Speaker
Description
We present Turbo-Sim, a generalised autoencoder framework derived from principles of information theory that can be used as a generative model. By maximising the mutual information between the input and the output of both the encoder and the decoder, we are able to rediscover the loss terms usually found in adversarial autoencoders and generative adversarial networks, as well as various more sophisticated related models. Our generalised framework makes these models mathematically interpretable and allows for a diversity of new ones by setting the weight of each loss term separately. The framework is also independent of the intrinsic architecture of the encoder and the decoder thus leaving a wide choice for the building blocks of the whole network.
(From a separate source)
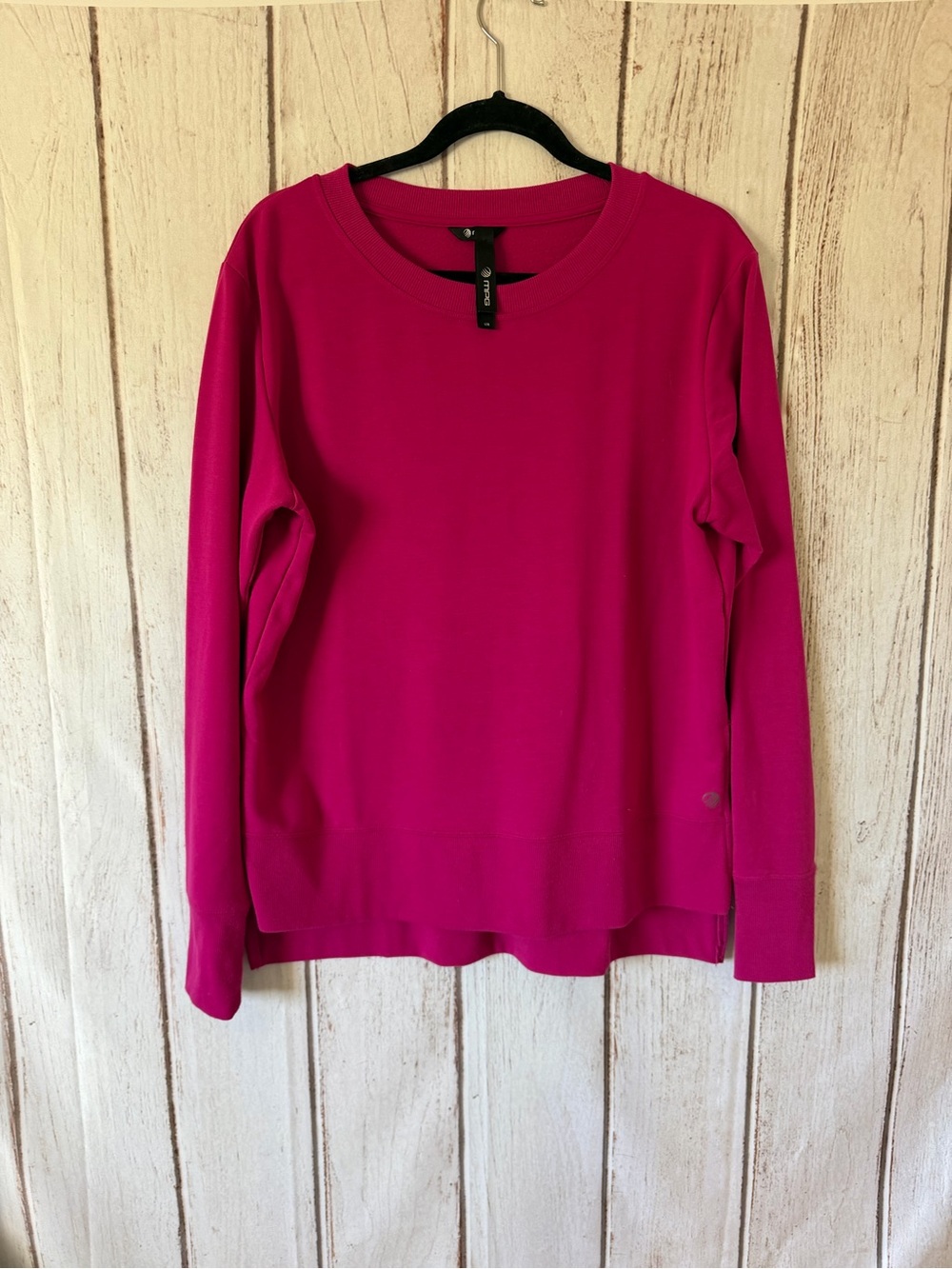 MPG Long Sleeve Pullover Sweatshirt Size L Magenta Pink
Crew Neck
We apply Turbo-Sim to a collider physics generation problem: the transformation of the properties of several particles from a theory space, right after the collision, to an observation space, right after the detection in an experiment. We show that our model is able to compete with state-of-the-art method, even outperforming it in critical tasks. Moreover, these results are reached with very basic network building blocks, which is a crucial observation in view of future more expressive implementations.
Another interesting application of such a model is to use it for unfolding tasks. An important aspect of particle physics analysis is also to get back from the observed data to the actual physics. Thanks to the paradigm of using a physically meaningful latent space, i.e. the theoretical distributions of energy and momenta of a given scattering process, our Turbo-Sim model is also trained to achieve this task.